Un policier singulièrement atypique
Après Sirènes, le premier volet d’une série consacrée à Aidan Waits, un policier de Manchester, Joseph Knox propose Chambre 413. Il est affecté à la patrouille de nuit en sanction de ses actes de corruption, de confection de preuves, de vol et usage de drogue. On retrouve dans cet épisode Aidan qui fait équipe avec l’inspecteur principal Peter Sutcliffe dit Sutty. Ils ne s’apprécient pas (c’est un euphémisme !) : “Notre tandem était une sorte de châtiment pour lui comme pour moi.” Il a arrêté la drogue mais continue d’être en butte à la méfiance, voire la haine de ceux qui l’ont connu précédemment.
L’introduction raconte l’assassinat d’un couple de personnes âgées qui a ouvert leur porte, un soir, à un garçonnet trempé, pieds nus.
La chaleur est accablante en ces mois d’été. Aidan intervient dans une affaire de harcèlement. Une étudiante a eu une relation sexuelle avec un homme rencontré en boite de nuit. Si elle refuse de le revoir, il met sur Internet les scènes qu’il a filmées. Aidan retrouve l’homme, un journaliste de télévision, et le convainc d’effacer toutes traces.
Quand il regagne la voiture de patrouille, Sutty lui dit qu’ils doivent aller au Palace Hôtel. L’alarme antieffraction s’est déclenchée et personne ne l’arrête. À l’entrée, ils retrouvent une employée de l’étude notariale chargée de la vente de l’immeuble désaffecté.

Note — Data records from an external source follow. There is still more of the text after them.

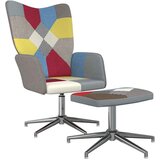  Stolica za opuštanje s osloncem za noge patchwork od tkanine | shoptok.hr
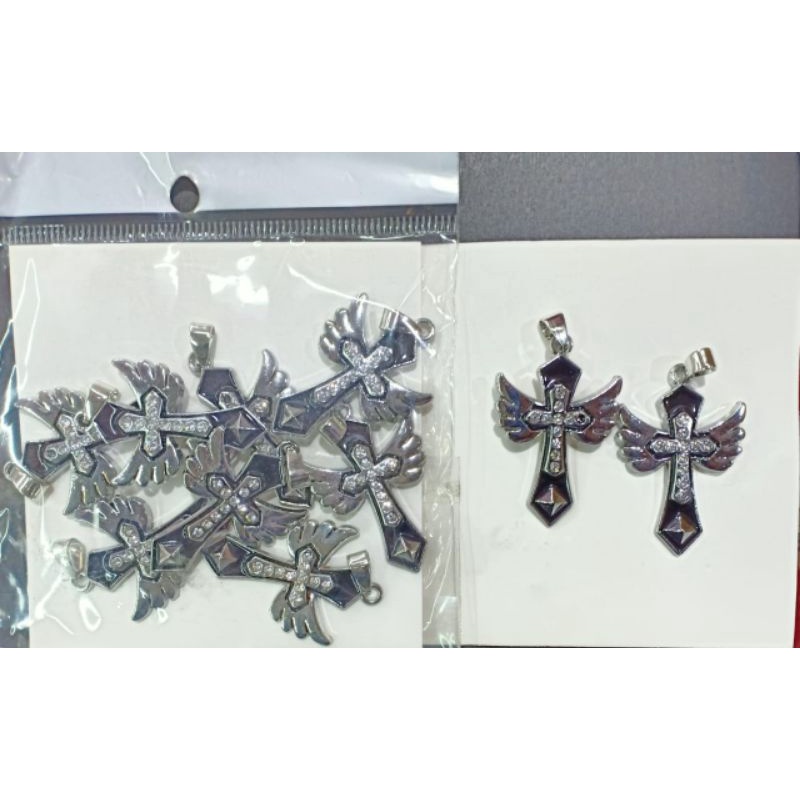 Liontin salib harga/pack isi 10pcs 1motif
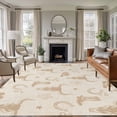 thumbnail image 1 of Beige Cow Skull Area Rugs 5'x7', Washable Small Throw Rugs for Laundry Room Playroom, Southwestern Vintage Cowboy Boots Burlap Indoor Outdoor Rug Non-Slip Low Pile Carpet Runner Reversible Floor Mats, 1 of 8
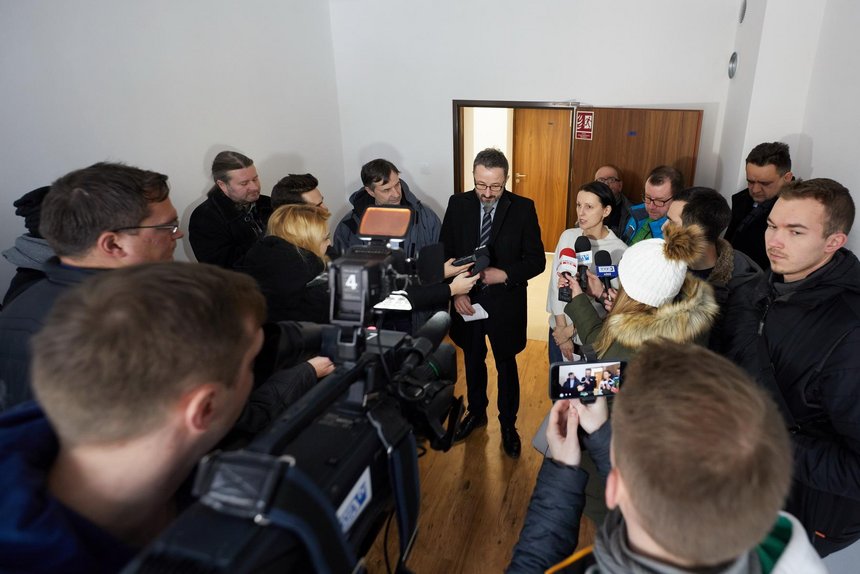 W wyremontowanym przez miasto bloku przy ul. Objazdowej 17 znajduje się 57 nowych i tanich w utrzymaniu mieszkań dla najbardziej potrzebujących fot. Sebastian Glapiński / UMŁ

Elle a été prévenue et s’étonne qu’Ali, le veilleur de nuit, ne soit pas à son poste.
Alors que Sutty s’attribue la fouille du rez-de-chaussée, Aidan, prudemment, explore les étages. C’est au 3e qu’il trouve le veilleur assommé avec un extincteur. Une ombre traverse le faisceau de sa lampe. Au 4e, il voit la sortie de secours entrebâillée et une lumière provenant d’une chambre. La porte de la 413 est ouverte. Face à la fenêtre, assis dans un fauteuil, le corps d’un homme, les yeux grands ouverts, les dents découvertes par un sourire glaçant. Aidan remarque un étrange motif sur une des jambes du pantalon. L’examen par la légiste révélera qu’il n’a ni papiers, ni empreintes digitales, les dents ont été limées et remplacées, les étiquettes de ses vêtements enlevées. Le parfait inconnu ! Et pourtant, Aidan, qui se retrouve chargé de cette affaire, doit trouver la vérité, pour la justice et …pour lui !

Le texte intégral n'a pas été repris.